From 5268754b33103fefc511b57ec546103899f70dbe Mon Sep 17 00:00:00 2001
From: Oliver Ford <ojford(at)gmail(dot)com>
Date: Thu, 23 Jan 2025 20:11:17 +0000
Subject: [PATCH] :ignore nulls

---
diff --git a/src/backend/executor/nodeWindowAgg.c b/src/backend/executor/nodeWindowAgg.c
index 9a1acce2b5..d93a44633e 100644
--- a/src/backend/executor/nodeWindowAgg.c
+++ b/src/backend/executor/nodeWindowAgg.c
@@ -69,6 +69,10 @@ typedef struct WindowObjectData
int readptr; /* tuplestore read pointer for this fn */
int64 markpos; /* row that markptr is positioned on */
int64 seekpos; /* row that readptr is positioned on */
+ int ignore_nulls; /* ignore nulls */
+ int64 *win_nonnulls; /* tracks non-nulls in ignore nulls mode */

After ignore_nulls, there will be a 4-byte hole because win_nonnulls
is an 8-byte variable. It would be better to swap them.

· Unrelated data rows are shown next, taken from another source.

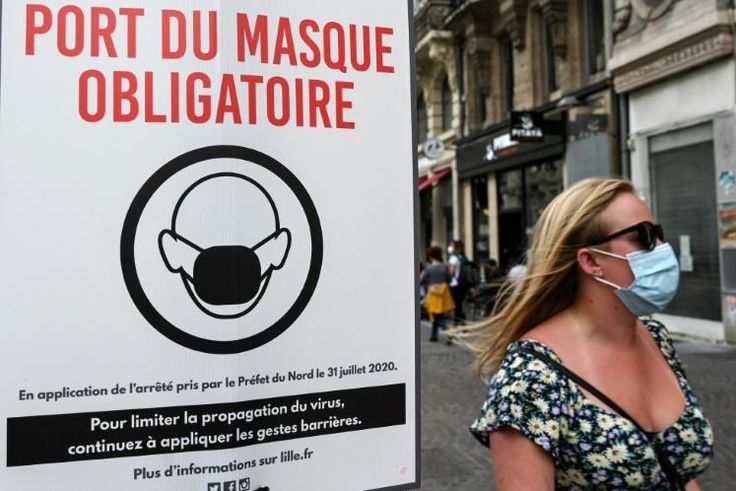 A sign warns passersby that masks are mandatory in Lille, northern France in August 2020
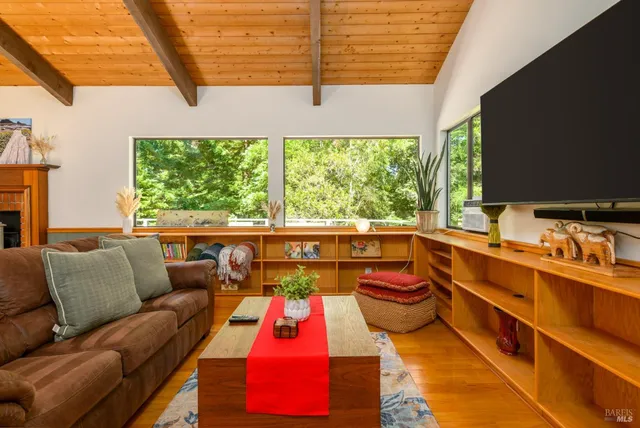 a balcony with seating area and furniture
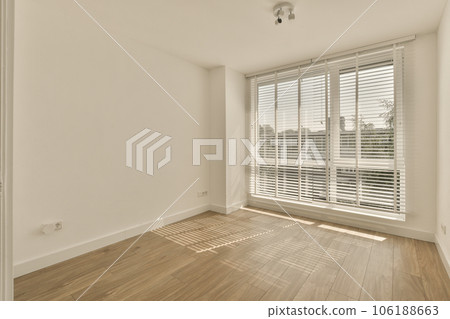 an empty room with wooden floors and white shutters on the windows, looking out onto the cityscapea 106188663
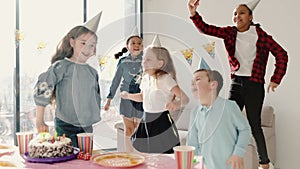 Group of children celebrating birthday party at decorated home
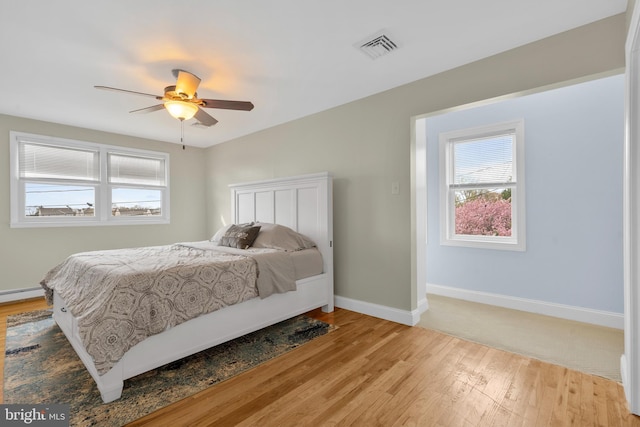 bedroom with multiple windows, light wood-style flooring, and visible vents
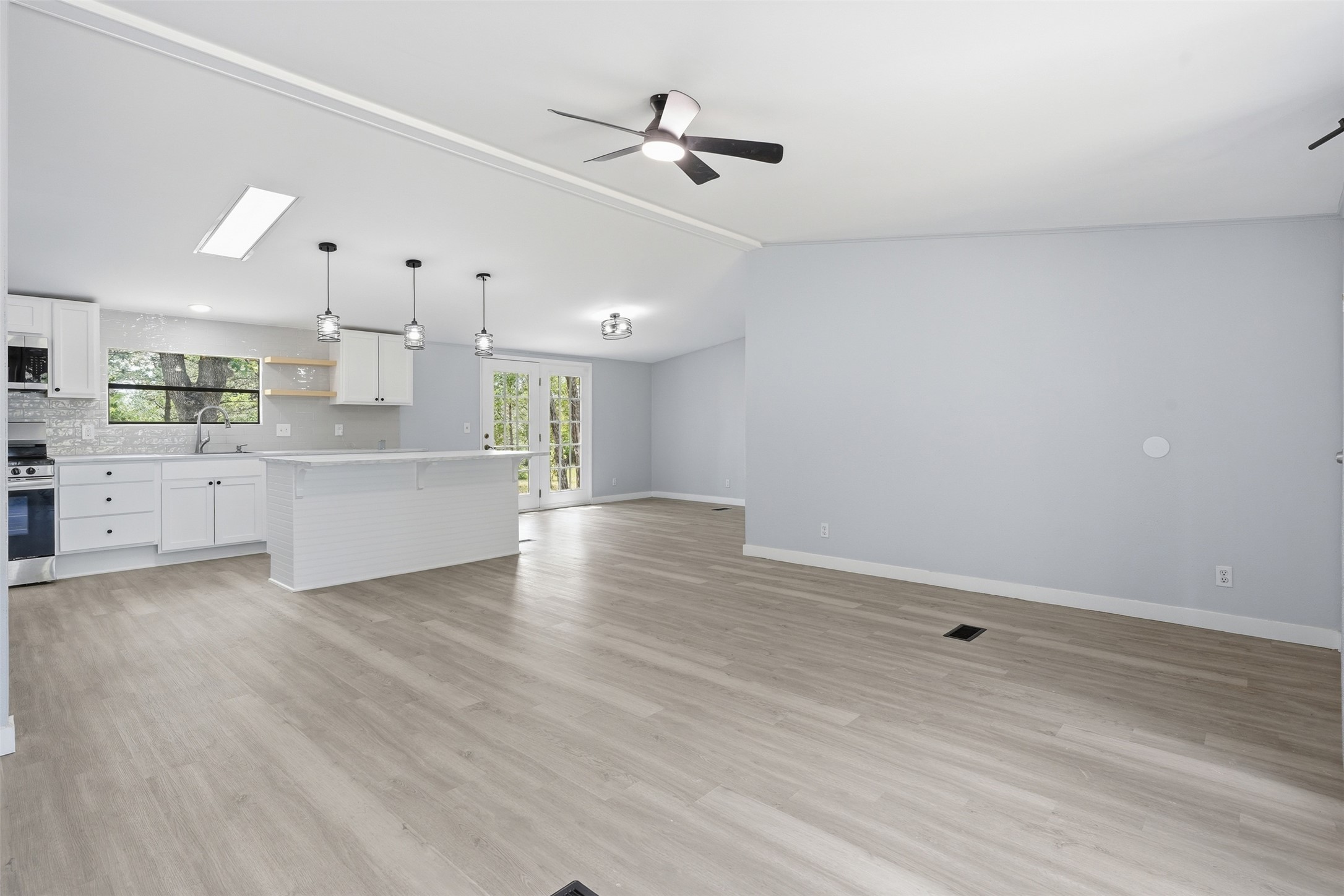 154 Antioch Road Smithville, TX 78957 - Photo 4 of 32 An open-concept living area boasts light wood flooring and a kitchen island for seamless entertaining.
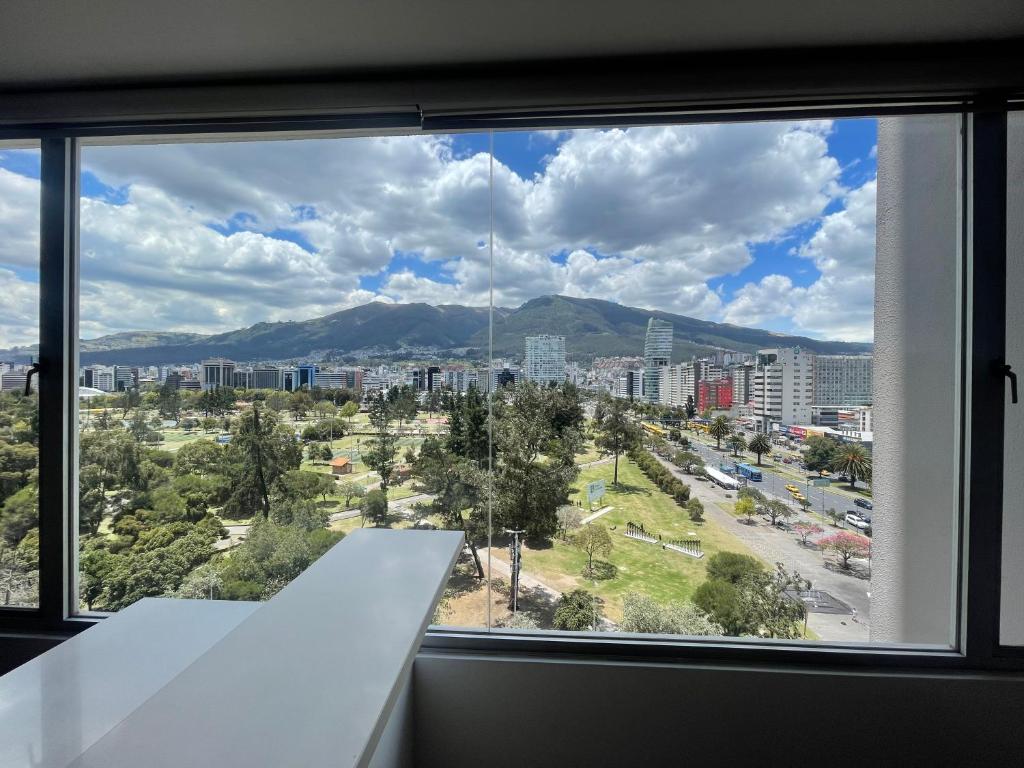 a window with a view of a city at Five Stars Suites - Park - Quito in Quito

@@ -1263,6 +1268,15 @@ begin_partition(WindowAggState *winstate)

winobj->markpos = -1;
winobj->seekpos = -1;
+
+
+ /* reallocate null check */
+ if (perfuncstate->winobj->ignore_nulls == IGNORE_NULLS)
+ {
+ perfuncstate->winobj->win_nonnulls = palloc_array(int64, 16);
+ perfuncstate->winobj->nonnulls_size = 16;

Those 2 lines above are not necessary. Since win_nonnulls are
allocated in ExecInitWindowAgg() in the per query query context, it
survives across partitions. You only need initialize nonnulls_len to
0.

+ perfuncstate->winobj->nonnulls_len = 0;
+ }
}
}

@@ -1383,7 +1397,9 @@ release_partition(WindowAggState *winstate)

/* Release any partition-local state of this window function */
if (perfuncstate->winobj)
+ {
perfuncstate->winobj->localmem = NULL;
+ }

You accidentally added unnecessary curly braces.

@@ -2679,6 +2698,13 @@ ExecInitWindowAgg(WindowAgg *node, EState *estate, int eflags)
winobj->argstates = wfuncstate->args;
winobj->localmem = NULL;
perfuncstate->winobj = winobj;
+ winobj->ignore_nulls = wfunc->ignore_nulls;
+ if (winobj->ignore_nulls == PARSER_IGNORE_NULLS)
+ {
+ winobj->win_nonnulls = palloc_array(int64, 16);
+ winobj->nonnulls_size = 16;
+ winobj->nonnulls_len = 0;
+ }

I don't like to see two "16" here. It would better to use #define or
something.

It will be better to declare the prototype of increment_nonnulls,
ignorenulls_getfuncarginpartition, and ignorenulls_getfuncarginframe
in the begging of the file as other static functions already do.

+/*
+ * ignorenulls_getfuncarginframe
+ * For IGNORE NULLS, get the next nonnull value in the frame, moving forward or backward
+ * until we find a value or reach the frame's end.
+ */
+static Datum
+ignorenulls_getfuncarginframe(WindowObject winobj, int argno,

Do you assume that win_nonnulls is sorted by pos? I think it's
necessarily true that pos in win_nonnulls array is sorted. Is that ok?

+ /*
+ * Store previous rows. Only possible in SEEK_HEAD mode
+ */
+ for (i = 0; i < winobj->nonnulls_len; ++i)
+ {
+ int inframe;
+
+ if (winobj->win_nonnulls[i] < winobj->markpos)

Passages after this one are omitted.